REPUBLIKA.CO.ID, BANDUNG -- Kuasa hukum Ira Mambo dan terdakwa pelecehan seksual Herry Wirawan akan menanggapi (duplik) terhadap tanggapan (replik) jaksa penuntut umum (JPU) terhadap pembelaan atau pleidoi yang telah disampaikan beberapa waktu lalu.
Sebelumnya, JPU menanggapi pembelaan terdakwa dengan tetap menuntut hukuman mati dan kebiri. "Besok agendanya duplik," ujar Kasipenkum Kejaksaan Tinggi Jawa Barat Dodi Gazali Emil saat dihubungi wartawan, Rabu (2/2/2022).
Ia melanjutkan setelah duplik, sidang terakhir akan dilakukan yaitu sidang putusan. Sidang putusan akan dilaksanakan secara terbuka. Sedangkan jadwal sidang putusan akan bergantung majelis hakim.
"Tergantung majelis hakim menentukan jadwal (sidang putusan)," katanya.
Kuasa hukum terdakwa Herry Wirawan, Ira Mambo mengaku sudah menyiapkan bahan duplik yang akan disampaikan kepada majelis hakim dan JPU. Pihaknya saat ini belum dapat menyampaikan materi duplik yang akan disampaikan.
"Kalau intinya (isi duplik) kita tidak bisa karena sidang tertutup.

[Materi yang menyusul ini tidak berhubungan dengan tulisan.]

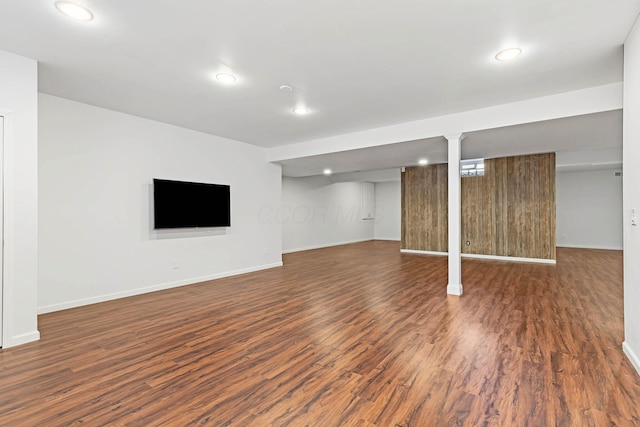 basement with dark hardwood / wood-style flooring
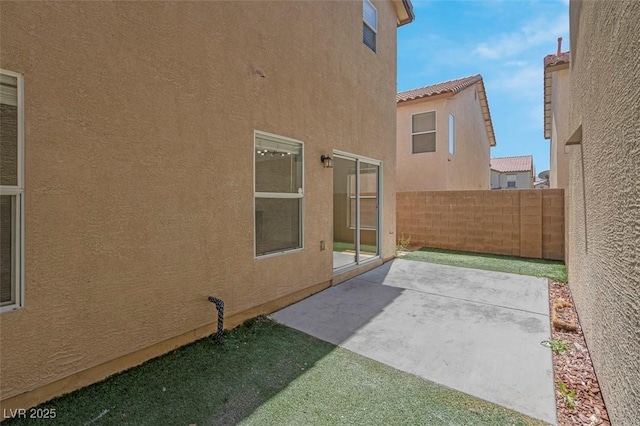 view of patio / terrace featuring fence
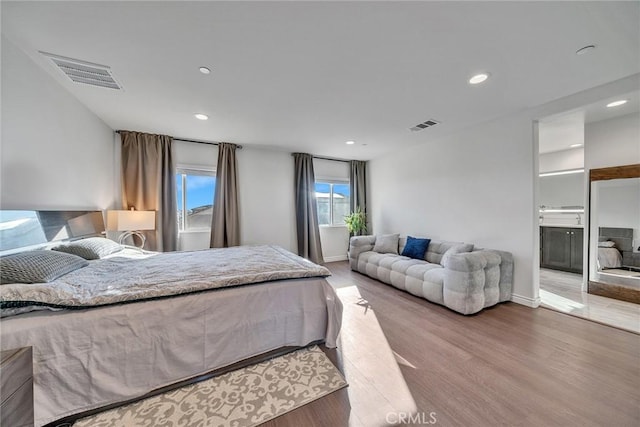 bedroom featuring ensuite bath and wood-type flooring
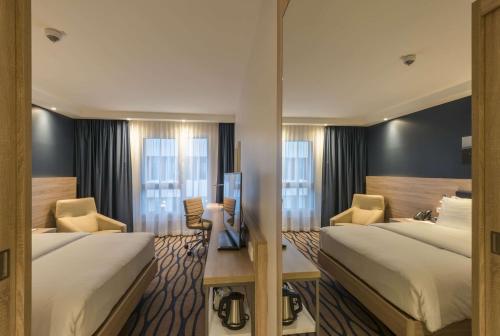 a hotel room with two beds and a television at Hampton By Hilton Frankfurt Airport in Frankfurt/Main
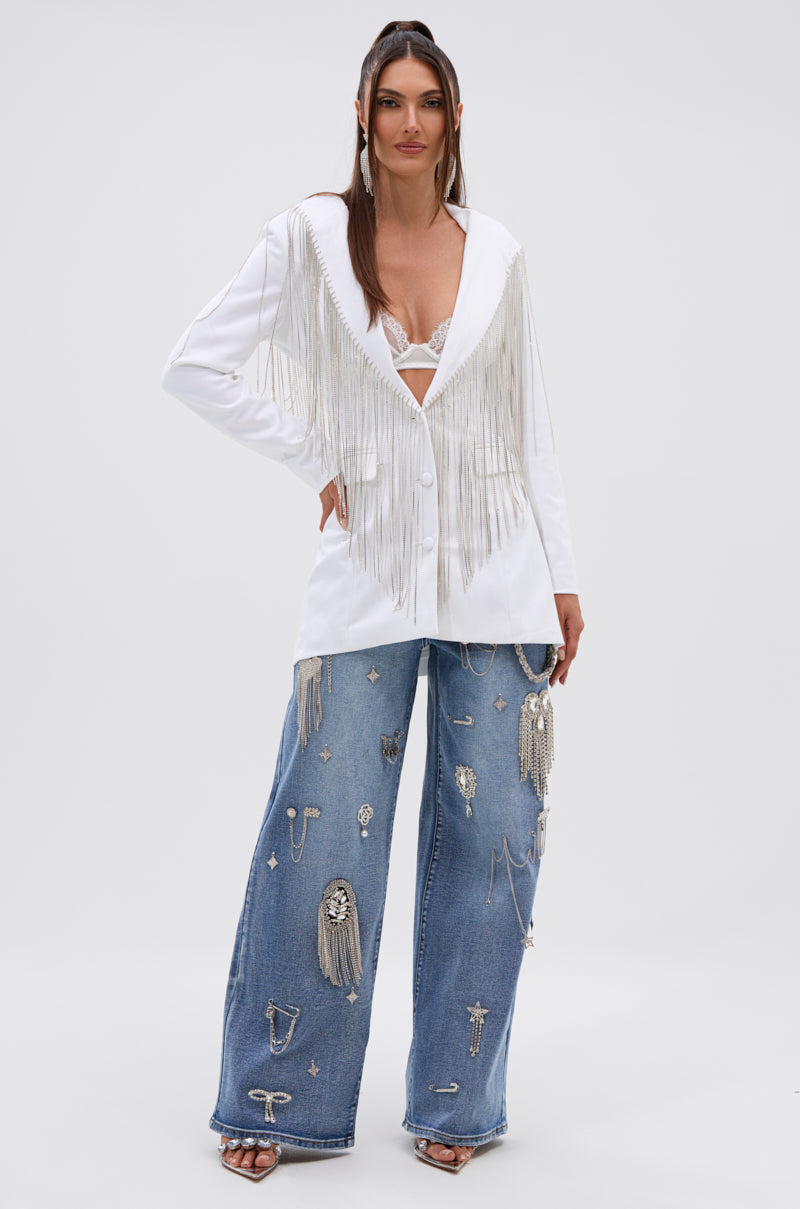 A woman faces forward against a white background, wearing the DRIPPY RHINESTONE FRINGE BLAZER IN WHITE over a visible bralette, wide-legged blue jeans with metallic embellishments, and open-toe heels. 7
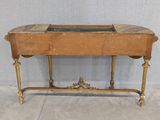 a wooden table with a marble top and gold legs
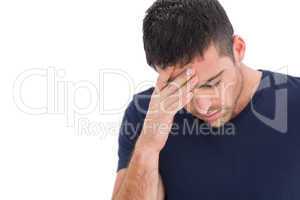 Upset man standing with his hand holding his forehead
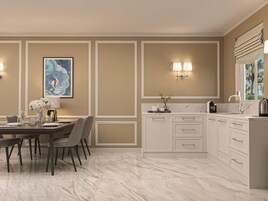 Una cocina moderna con encimera de mármol, armarios blancos y un comedor con mesa preparada para cuatro.
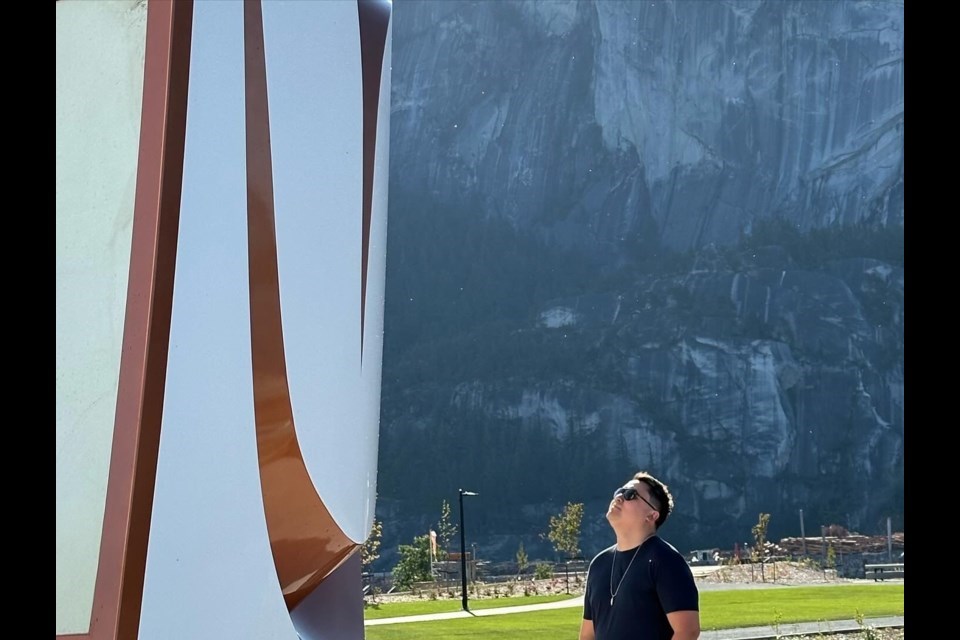 James Harry, a Sḵwx̱wú7mesh 
artist whose work is featured at the 鶹Arts Festival. Here is stands with Welcome Gate on the oceanfront in Squamish.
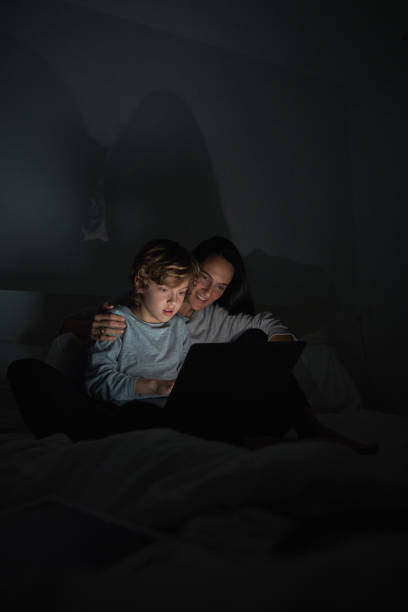 istock Woman helping son to do homework on laptop 2151594873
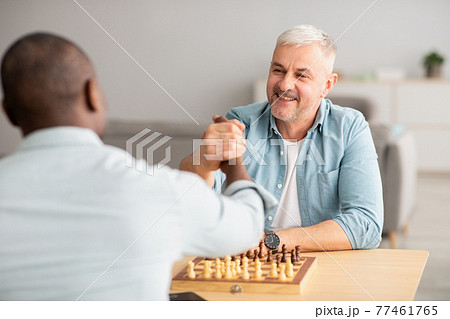 Multiracial family playing board games, father with son at home during covid-19 lockdown Multiracial family playing board games, father with son at home during covid-19 lockdown 77461765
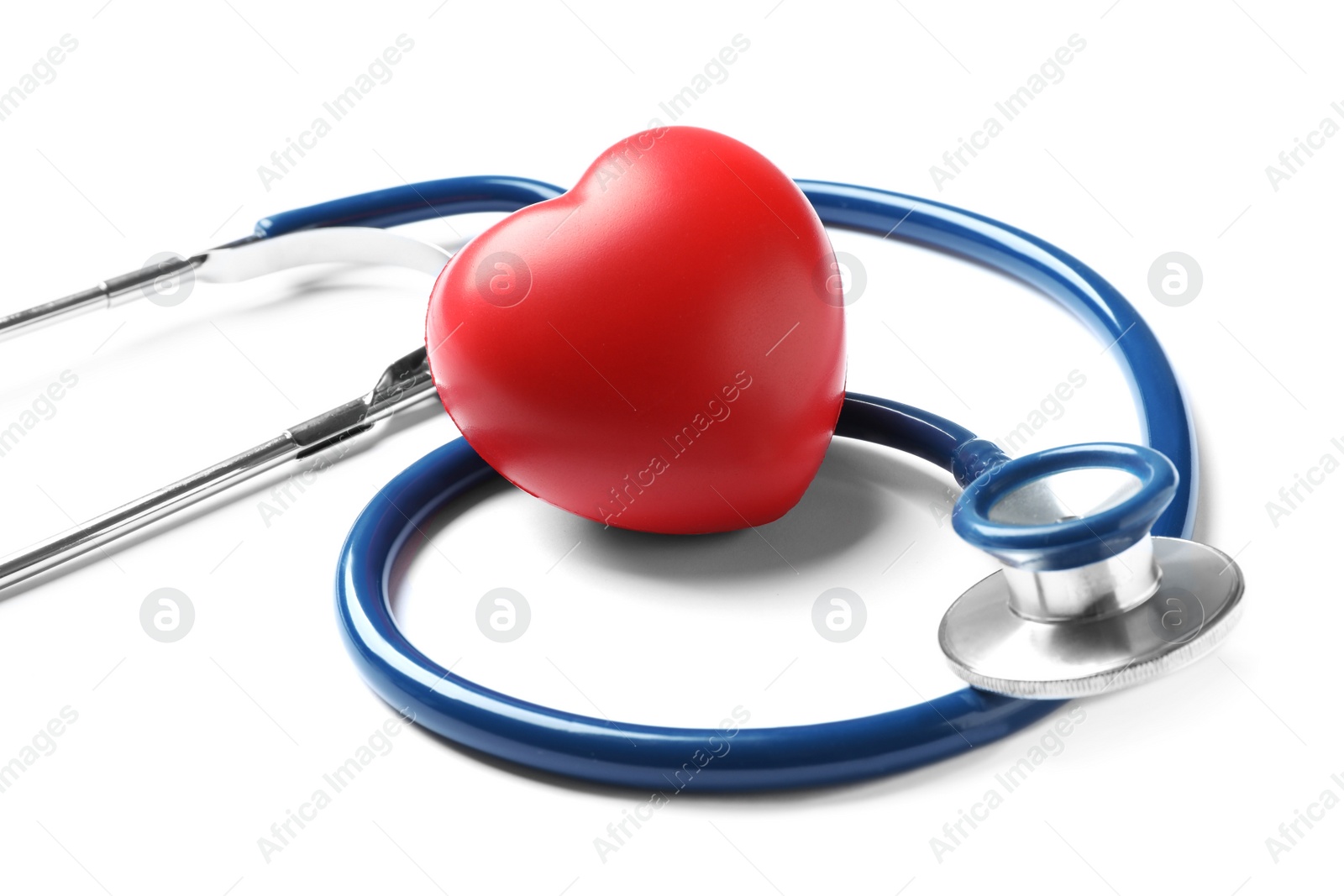 Photo of Stethoscope for checking pulse and red heart on white background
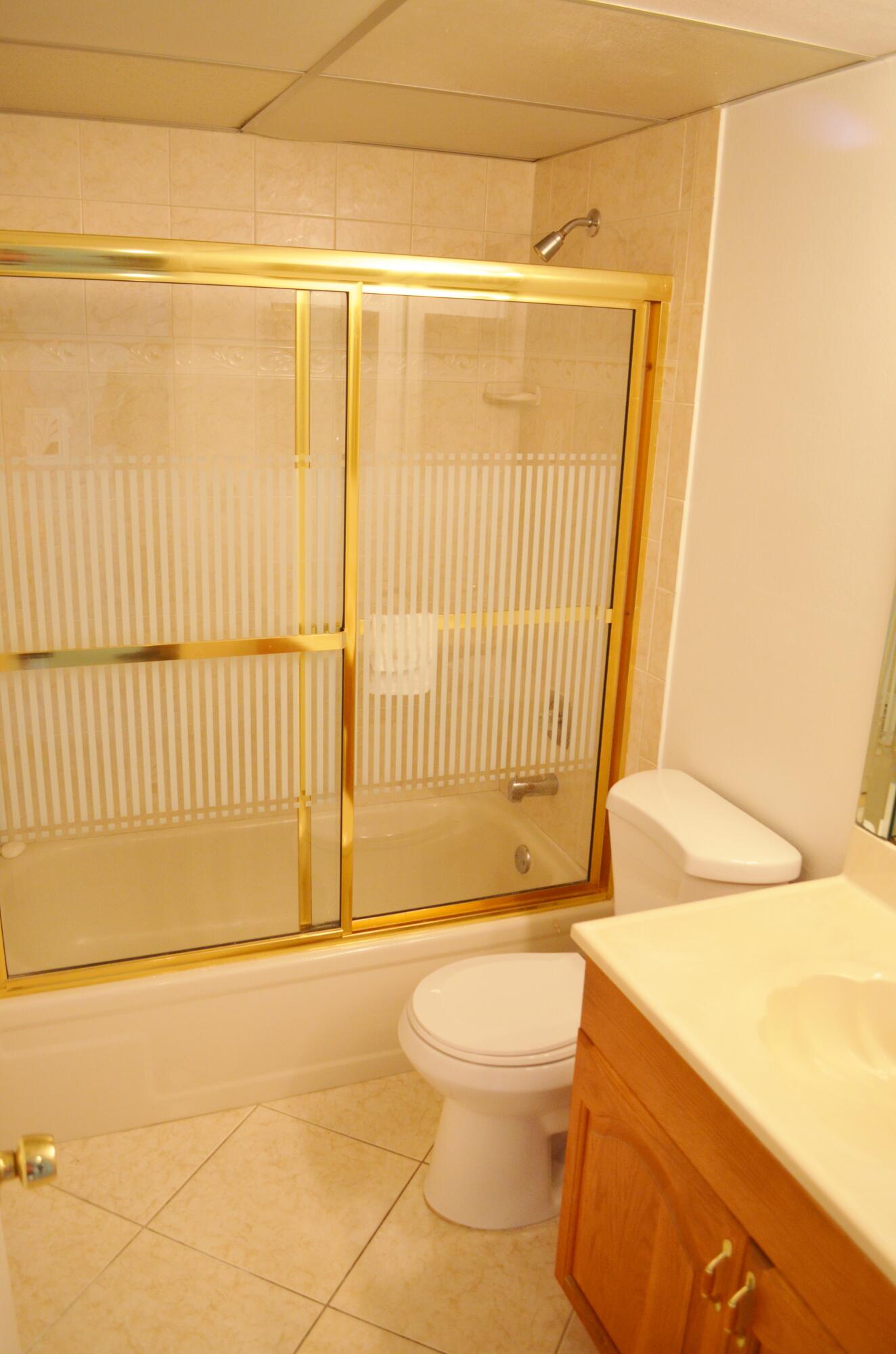 5220 Las Verdes Circle, Unit 211 Delray Beach, FL 33484 - Photo 18 of 57 a bathroom with a toilet and a shower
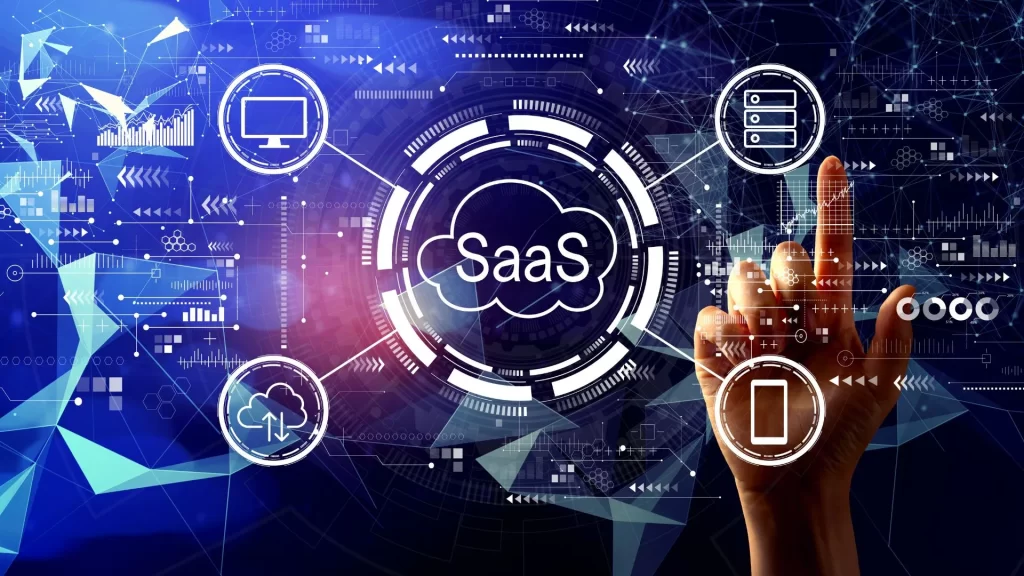 An index finger seems to be on the act of touching a screen. The word SAAS is superimposed on the photo, as well as some technological icons related to SaaS.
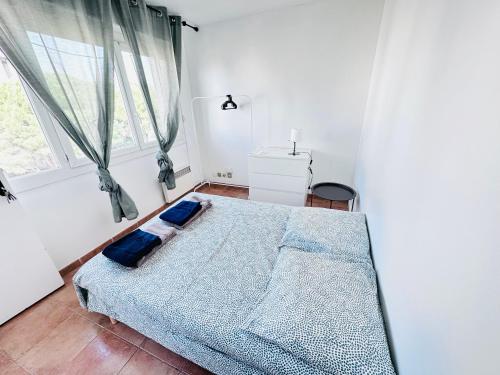 een slaapkamer met een bed met blauwe lakens en een raam bij Chambres à louer dans appartement in Montpellier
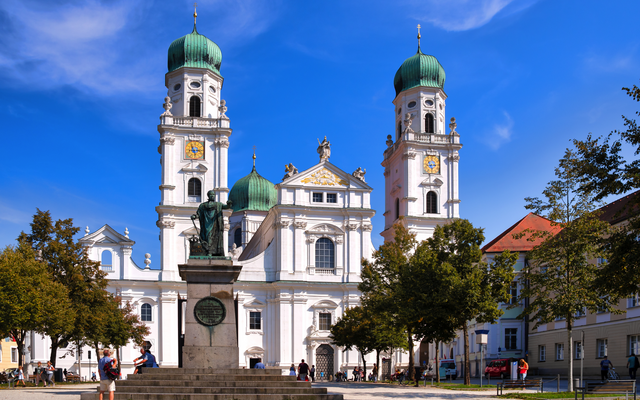 Historische Kathedrale mit zwei Türmen, blauem Himmel und Bäumen im Vordergrund.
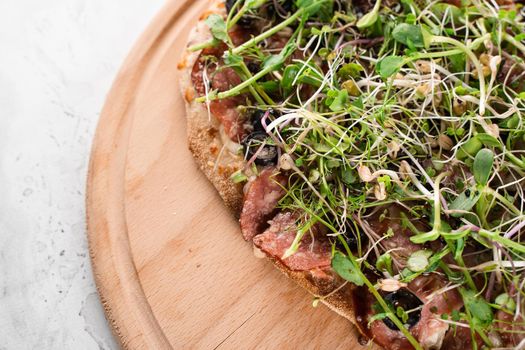 Pinsa romana with salami, cheese, mushrooms, decorated with microgreens on wooden boardon white background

Isinya duplik tetap pada mempertahankan pembelaan kita," katanya.
Sebelumnya, Kepala Kejaksaan Tinggi (Kejati) Jabar Asep N Mulyana membacakan tanggapan atau replik terhadap pembelaan (pleidoi) Herry Wirawan maupun penasehat hukum pada sidang kasus pelecehan seksual di PN Bandung, Kamis (27/1/2022). Jaksa tetap menuntut terdakwa dengan hukuman mati ditambah hukuman kebiri.
"Dalam replik kami pada intinya kami tetap pada tuntutan semula dan memberikan penegasan beberapa hal pertama bahwa tuntutan mati diatur dalam regulasi diatur dalam ketentuan perundang-undangan artinya bahwa yang kami lakukan sesuai ketentuan yang berlaku," ujarnya kepada wartawan seusai sidang di PN Bandung, Kamis (27/1/2022).
Ia melanjutkan restitusi atau ganti rugi yang diajukan kepada terdakwa merupakan hasil perhitungan Lembaga Perlindungan Saksi dan Korban (LPSK). Bahkan angka ganti rugi sebesar Rp 331 juta tidak sepadan dengan penderitaan korban.
"Kami menyampaikan kepada majelis hakim kami meminta agar yayasan dan aset terdakwa itu dirampas untuk negara dan dilelang hasilnya digunakan untuk restorasi korban baik untuk sekolah maupun kepentingan keberlangsungan hidup anak anak korban tanpa sedikit pun mengurangi tanggung jawab negara dan pemerintah melindungi korban," katanya.